PEMANFAATAN INSTAGRAM @SEMETON_SEKAAN OLEH GENERASI Z DALAM PELESTARIAN KEARIFAN LOKAL DI DESA SEKAAN
Kata Kunci:
Instagram, Generasi Z, Pelestarian Kearifan Lokal, Media Sosial, Desa SekaanAbstrak
Penelitian ini berfokus pada pemanfaatan Instagram @semeton_sekaan oleh Generasi Z dalam pelestarian kearifan lokal di Desa Sekaan. Media sosial Instagram memiliki potensi besar sebagai media pelestarian budaya, karena mampu menjangkau audiens luas sekaligus membangun kesadaran budaya di kalangan generasi muda. Instagram @semeton_sekaan berperan penting dalam memastikan kearifan lokal tetap terjaga melalui konten-konten budaya yang informatif dan menarik.
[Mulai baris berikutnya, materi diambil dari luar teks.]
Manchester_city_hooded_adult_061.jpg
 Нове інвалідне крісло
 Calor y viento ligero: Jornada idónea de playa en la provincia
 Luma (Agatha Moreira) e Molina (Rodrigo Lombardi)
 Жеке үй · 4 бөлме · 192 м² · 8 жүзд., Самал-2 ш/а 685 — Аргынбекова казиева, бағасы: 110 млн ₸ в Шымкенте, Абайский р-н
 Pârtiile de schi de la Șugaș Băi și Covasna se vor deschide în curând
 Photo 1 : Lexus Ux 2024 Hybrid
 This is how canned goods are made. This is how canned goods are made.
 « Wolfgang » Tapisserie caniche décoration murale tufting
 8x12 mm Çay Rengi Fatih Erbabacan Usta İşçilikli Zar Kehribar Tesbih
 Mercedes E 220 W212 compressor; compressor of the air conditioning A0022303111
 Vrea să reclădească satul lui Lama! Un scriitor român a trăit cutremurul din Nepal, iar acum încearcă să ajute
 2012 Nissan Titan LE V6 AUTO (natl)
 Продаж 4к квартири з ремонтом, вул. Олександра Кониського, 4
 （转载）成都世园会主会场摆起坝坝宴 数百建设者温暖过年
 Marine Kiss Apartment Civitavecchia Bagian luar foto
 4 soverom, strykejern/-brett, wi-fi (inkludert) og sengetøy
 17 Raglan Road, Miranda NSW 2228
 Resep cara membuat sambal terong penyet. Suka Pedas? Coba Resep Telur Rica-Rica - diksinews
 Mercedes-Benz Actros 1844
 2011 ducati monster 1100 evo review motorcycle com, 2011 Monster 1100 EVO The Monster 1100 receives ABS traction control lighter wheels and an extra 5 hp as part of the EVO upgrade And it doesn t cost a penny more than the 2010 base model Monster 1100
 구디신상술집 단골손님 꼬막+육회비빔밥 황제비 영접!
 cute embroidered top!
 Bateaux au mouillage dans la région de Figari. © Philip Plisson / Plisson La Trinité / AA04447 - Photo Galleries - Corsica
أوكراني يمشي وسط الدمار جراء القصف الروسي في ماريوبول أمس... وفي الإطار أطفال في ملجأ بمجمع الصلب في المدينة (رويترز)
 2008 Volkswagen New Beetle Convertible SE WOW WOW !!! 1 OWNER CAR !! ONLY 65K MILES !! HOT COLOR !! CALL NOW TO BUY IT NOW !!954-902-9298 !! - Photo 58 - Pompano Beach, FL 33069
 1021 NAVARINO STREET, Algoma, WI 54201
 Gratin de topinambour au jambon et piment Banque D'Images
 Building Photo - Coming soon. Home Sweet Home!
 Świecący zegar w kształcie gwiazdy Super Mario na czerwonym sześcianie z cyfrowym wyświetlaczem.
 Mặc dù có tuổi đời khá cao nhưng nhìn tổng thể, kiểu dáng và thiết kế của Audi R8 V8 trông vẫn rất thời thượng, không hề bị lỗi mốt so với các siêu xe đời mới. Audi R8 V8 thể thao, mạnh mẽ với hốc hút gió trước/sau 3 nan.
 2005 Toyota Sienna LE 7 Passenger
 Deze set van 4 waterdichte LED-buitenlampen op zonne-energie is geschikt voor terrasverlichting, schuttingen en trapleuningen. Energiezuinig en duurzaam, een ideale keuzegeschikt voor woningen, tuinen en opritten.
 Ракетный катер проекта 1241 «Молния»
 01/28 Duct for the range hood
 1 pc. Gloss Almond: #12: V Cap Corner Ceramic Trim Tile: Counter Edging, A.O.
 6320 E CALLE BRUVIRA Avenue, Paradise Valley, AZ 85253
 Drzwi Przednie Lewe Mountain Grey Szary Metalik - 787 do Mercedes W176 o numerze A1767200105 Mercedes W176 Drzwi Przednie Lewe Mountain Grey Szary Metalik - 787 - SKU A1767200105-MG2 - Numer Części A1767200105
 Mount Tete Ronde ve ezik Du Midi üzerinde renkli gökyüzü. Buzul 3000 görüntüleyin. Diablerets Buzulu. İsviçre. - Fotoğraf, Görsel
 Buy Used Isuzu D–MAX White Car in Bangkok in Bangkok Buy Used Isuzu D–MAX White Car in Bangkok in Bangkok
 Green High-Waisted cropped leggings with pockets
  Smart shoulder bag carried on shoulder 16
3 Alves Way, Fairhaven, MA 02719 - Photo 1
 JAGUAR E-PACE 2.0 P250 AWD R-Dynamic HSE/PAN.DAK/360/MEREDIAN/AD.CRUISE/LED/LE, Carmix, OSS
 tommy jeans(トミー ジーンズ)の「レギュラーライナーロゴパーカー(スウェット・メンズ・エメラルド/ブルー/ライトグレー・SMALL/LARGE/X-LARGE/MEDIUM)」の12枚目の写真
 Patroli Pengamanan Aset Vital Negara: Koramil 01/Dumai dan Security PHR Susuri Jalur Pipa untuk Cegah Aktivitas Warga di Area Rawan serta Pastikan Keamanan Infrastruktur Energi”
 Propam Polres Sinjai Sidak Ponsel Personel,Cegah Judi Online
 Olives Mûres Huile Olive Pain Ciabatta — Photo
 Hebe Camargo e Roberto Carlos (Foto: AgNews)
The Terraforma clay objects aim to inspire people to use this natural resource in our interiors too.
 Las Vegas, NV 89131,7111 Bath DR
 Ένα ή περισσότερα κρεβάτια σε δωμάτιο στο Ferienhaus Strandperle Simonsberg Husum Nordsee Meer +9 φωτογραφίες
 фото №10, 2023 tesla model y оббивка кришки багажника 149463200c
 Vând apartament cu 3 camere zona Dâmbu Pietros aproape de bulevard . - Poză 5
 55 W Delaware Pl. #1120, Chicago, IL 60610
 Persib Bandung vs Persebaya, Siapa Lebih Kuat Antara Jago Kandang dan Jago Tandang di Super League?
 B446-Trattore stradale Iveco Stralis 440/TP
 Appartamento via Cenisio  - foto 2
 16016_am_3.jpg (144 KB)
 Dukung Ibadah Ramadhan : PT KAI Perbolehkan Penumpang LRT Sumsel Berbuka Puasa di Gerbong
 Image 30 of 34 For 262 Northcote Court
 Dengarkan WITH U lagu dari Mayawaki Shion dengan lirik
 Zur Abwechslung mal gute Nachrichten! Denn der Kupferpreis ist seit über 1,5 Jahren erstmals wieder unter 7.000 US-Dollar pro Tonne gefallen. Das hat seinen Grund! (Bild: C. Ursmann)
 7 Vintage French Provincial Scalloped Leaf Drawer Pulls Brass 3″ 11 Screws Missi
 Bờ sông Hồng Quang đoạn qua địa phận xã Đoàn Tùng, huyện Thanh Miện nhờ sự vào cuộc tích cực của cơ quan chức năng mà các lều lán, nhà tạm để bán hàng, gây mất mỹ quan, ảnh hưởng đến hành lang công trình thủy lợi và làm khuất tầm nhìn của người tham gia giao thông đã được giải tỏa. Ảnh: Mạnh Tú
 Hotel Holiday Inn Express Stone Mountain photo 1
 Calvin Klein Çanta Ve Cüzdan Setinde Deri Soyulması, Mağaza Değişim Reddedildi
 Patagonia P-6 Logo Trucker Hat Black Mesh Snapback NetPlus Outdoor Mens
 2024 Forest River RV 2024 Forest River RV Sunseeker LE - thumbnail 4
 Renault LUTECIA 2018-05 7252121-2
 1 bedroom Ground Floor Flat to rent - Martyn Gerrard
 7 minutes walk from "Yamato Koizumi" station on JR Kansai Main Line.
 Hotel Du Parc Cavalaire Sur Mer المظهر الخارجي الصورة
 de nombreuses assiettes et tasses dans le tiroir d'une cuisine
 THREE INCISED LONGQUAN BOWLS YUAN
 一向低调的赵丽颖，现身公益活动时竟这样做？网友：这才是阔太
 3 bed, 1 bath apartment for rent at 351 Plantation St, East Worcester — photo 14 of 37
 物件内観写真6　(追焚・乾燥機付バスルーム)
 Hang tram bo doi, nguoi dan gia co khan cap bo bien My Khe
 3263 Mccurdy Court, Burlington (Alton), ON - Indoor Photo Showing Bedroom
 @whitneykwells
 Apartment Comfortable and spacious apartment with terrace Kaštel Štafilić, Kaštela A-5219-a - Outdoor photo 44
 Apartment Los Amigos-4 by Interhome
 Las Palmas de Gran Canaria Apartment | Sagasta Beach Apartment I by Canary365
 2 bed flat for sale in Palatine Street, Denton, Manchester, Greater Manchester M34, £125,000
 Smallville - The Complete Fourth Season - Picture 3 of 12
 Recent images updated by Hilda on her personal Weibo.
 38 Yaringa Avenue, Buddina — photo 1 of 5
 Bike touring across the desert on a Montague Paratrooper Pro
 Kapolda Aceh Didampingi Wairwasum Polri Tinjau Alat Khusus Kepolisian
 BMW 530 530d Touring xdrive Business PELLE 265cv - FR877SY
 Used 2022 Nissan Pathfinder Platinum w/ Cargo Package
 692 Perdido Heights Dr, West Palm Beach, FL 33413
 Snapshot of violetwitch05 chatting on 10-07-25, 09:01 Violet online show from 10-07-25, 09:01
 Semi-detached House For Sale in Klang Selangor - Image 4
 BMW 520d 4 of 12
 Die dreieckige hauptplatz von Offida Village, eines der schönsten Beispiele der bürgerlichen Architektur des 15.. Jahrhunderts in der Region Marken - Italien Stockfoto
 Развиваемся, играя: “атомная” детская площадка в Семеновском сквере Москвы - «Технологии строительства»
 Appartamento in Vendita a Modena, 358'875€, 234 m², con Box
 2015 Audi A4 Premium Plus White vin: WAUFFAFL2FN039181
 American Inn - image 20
Tujuan utama dari penelitian ini adalah untuk mengetahui bagaimana Generasi Z memanfaatkan Instagram @semeton_sekaan dalam pelestarian kearifan lokal di Desa Sekaan. Penelitian ini bertujuan untuk memberikan pemahaman tentang strategi komunikasi digital yang efektif serta dampaknya terhadap pelestarian budaya lokal di era digital. Metode yang digunakan dalam penelitian ini adalah pendekatan kualitatif dengan metode analisis deskriptif. Data dikumpulkan melalui observasi, wawancara mendalam, dan studi dokumentasi yang mencakup fenomena pemanfaatan media sosial untuk pelestarian budaya. Hasil penelitian menunjukkan bahwa pemanfaatan Instagram @semeton_sekaan memiliki peran signifikan dalam pelestarian kearifan lokal di Desa Sekaan. Pertama, melalui teori Uses and Gratification, ditemukan bahwa Generasi Z menggunakan Instagram untuk memenuhi kebutuhan kognitif (informasi budaya), afektif (kebanggaan terhadap budaya), integrasi personal (penguatan identitas), integrasi sosial (koneksi dengan komunitas), dan pelepasan ketegangan (hiburan). Kedua, Instagram terbukti menjadi sarana efektif untuk penyebaran informasi budaya, edukasi nilai-nilai lokal, dan promosi kegiatan tradisional. Ketiga, implementasi konten budaya di Instagram @semeton_sekaan dilakukan melalui dokumentasi visual kegiatan tradisional seperti upacara keagamaan, pementasan calonarang, dan gotong royong. Keempat, pemanfaatan Instagram ini meningkatkan partisipasi aktif Generasi Z dalam kegiatan pelestarian budaya, seperti bergabung dalam sekaa tari dan kelompok tabuh. Penelitian ini menegaskan pentingnya media sosial sebagai sarana untuk mengelola pelestarian kearifan lokal secara efektif di era digital, yang pada akhirnya dapat mendukung keberlanjutan warisan budaya di Desa Sekaan.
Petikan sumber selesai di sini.